Talvez seja proveitoso fazer aqui um pequeno detour — nada desadequado a uma crítica a um livro destes, que nos dá uma série de olhares dispersos sobre o seu tema, como se tivéssemos entre mãos um texto feito apenas de digressões. Lembremo-nos, então, do recente livro de Steven Pinker, The Sense of Style, onde se analisa a verdadeira necessidade desta linguagem académica. Será que há vantagens em escrever assim, mesmo no caso de textos escritos por académicos para académicos? Steven Pinker acha que não — quase sempre é possível escrever de forma mais clara, com vantagens para todos. E não se acuse quem defende tal desaforo de estar a ser facilitista. Só quem nunca tentou escrever de forma clara sobre assuntos difíceis pode pensar que é mais difícil escrever em academês. Difícil é ser claro. Fim de digressão.
Diga-se então ao leitor: está perante este muro, esta linguagem que exige alguma iniciação. Não desanime, no entanto. O que os académicos dizem pode ser mais ou menos opaco, mas é muito mais interessante do que se pensa (e, caindo de novo na tentação da digressão, é por isso mesmo que é quase trágica esta incapacidade de sair dos espartilhos do academês).
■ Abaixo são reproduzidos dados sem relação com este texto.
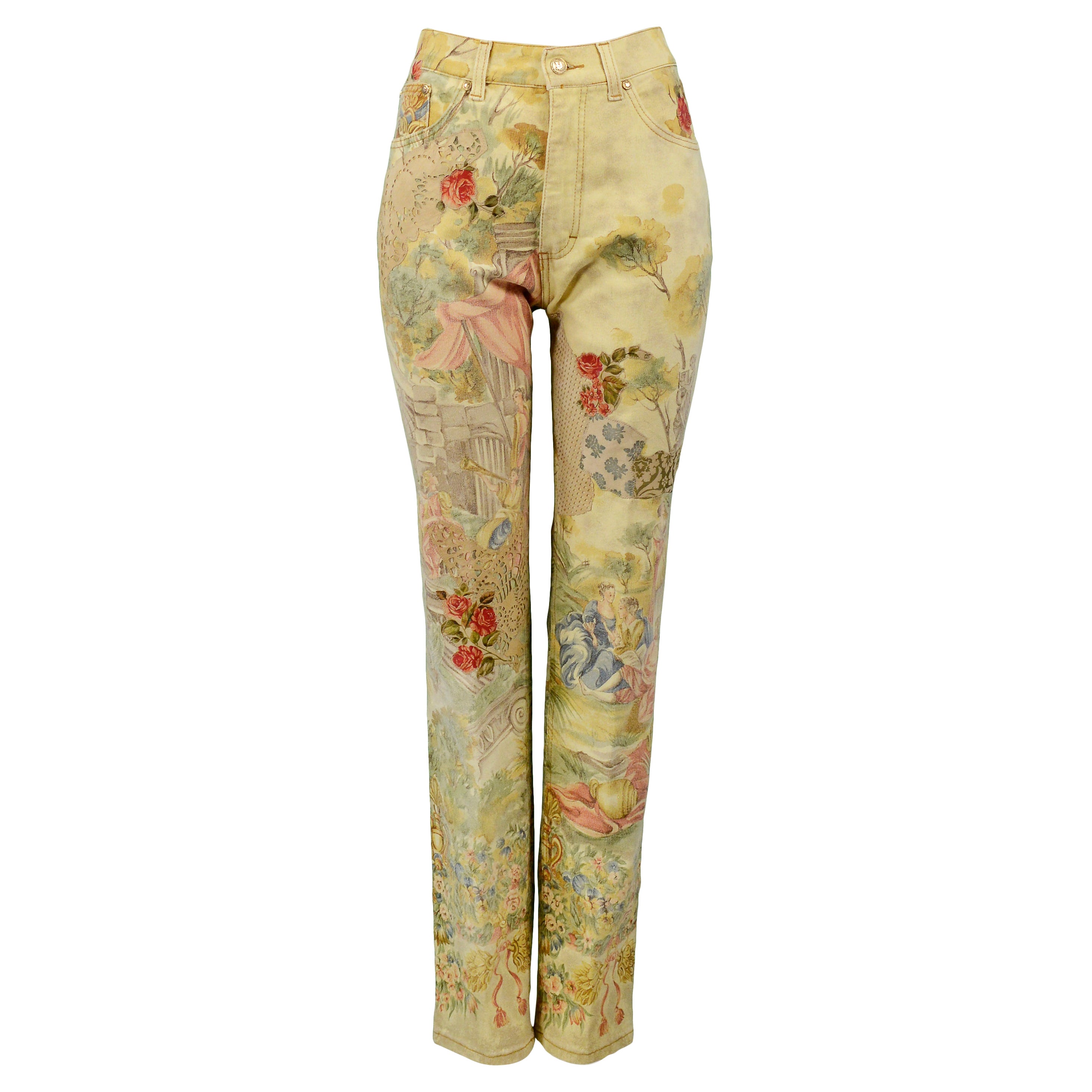 Roberto Cavalli Vintage Victorian Print Jeans With Suede Roses For Sale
O que ganhamos em subir a este muro e olhar para o que atrás se esconde? Ganhamos uma visão bem mais rica da arte, do cinema, da pintura. Ganhamos ginástica mental para olhar para as artes visuais com óculos menos embaciados.
Se há fio condutor em todo o livro, será uma reflexão sobre a modernidade: desde o laço de Baudelaire, que abre o livro, até ao estudo da sexualidade (a)típica no cinema, passando por um texto sobre Almada Negreiros e Ernesto de Sousa e o ser moderno em Portugal (um dos pontos altos do livro).
Um dos textos mais interessantes é “Considerações a respeito da crítica de arte e da sua função”, em que a autora reflecte sobre o papel do crítico de arte. Diz a autora, no final desse texto: «A actividade crítica poderá revestir-se de uma certa carga poética e ideológica, ou até lúdica, fazendo um convite ao potencial receptor para fruir a arte […].»
Exacto: depois de ler este livro, ficamos habilitados a fruir melhor a arte que nos rodeia. É um livro que nos dá uma maior capacidade de sentir prazer com outras artes e outros livros — o que paga, sem margem para dúvidas, o esforço de enfrentar a linguagem académica em que está escrito.